» **Task instructions**: When you reach the line with "people human together" in the listing below, write out that line and every one after it exactly, and skip the pictures.

(Beginning of Data section)

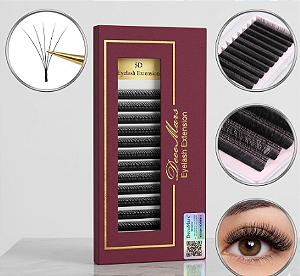 CÍLIOS DECEMARS FIO W5D 0.07D 13MM (ROXO)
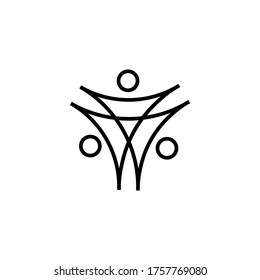 people human together family logo vector icon illustration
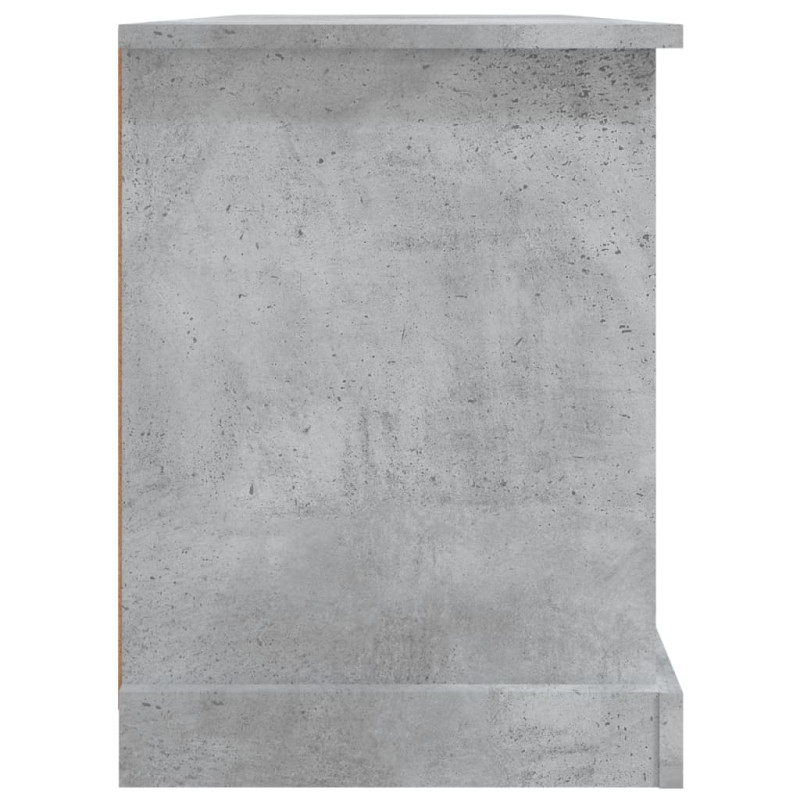 Szafka pod TV, szarość betonu, 99,5x35,5x48 cm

(End of Data section)

» **Reply**:
 people human together family logo vector icon illustration
 Szafka pod TV, szarość betonu, 99,5x35,5x48 cm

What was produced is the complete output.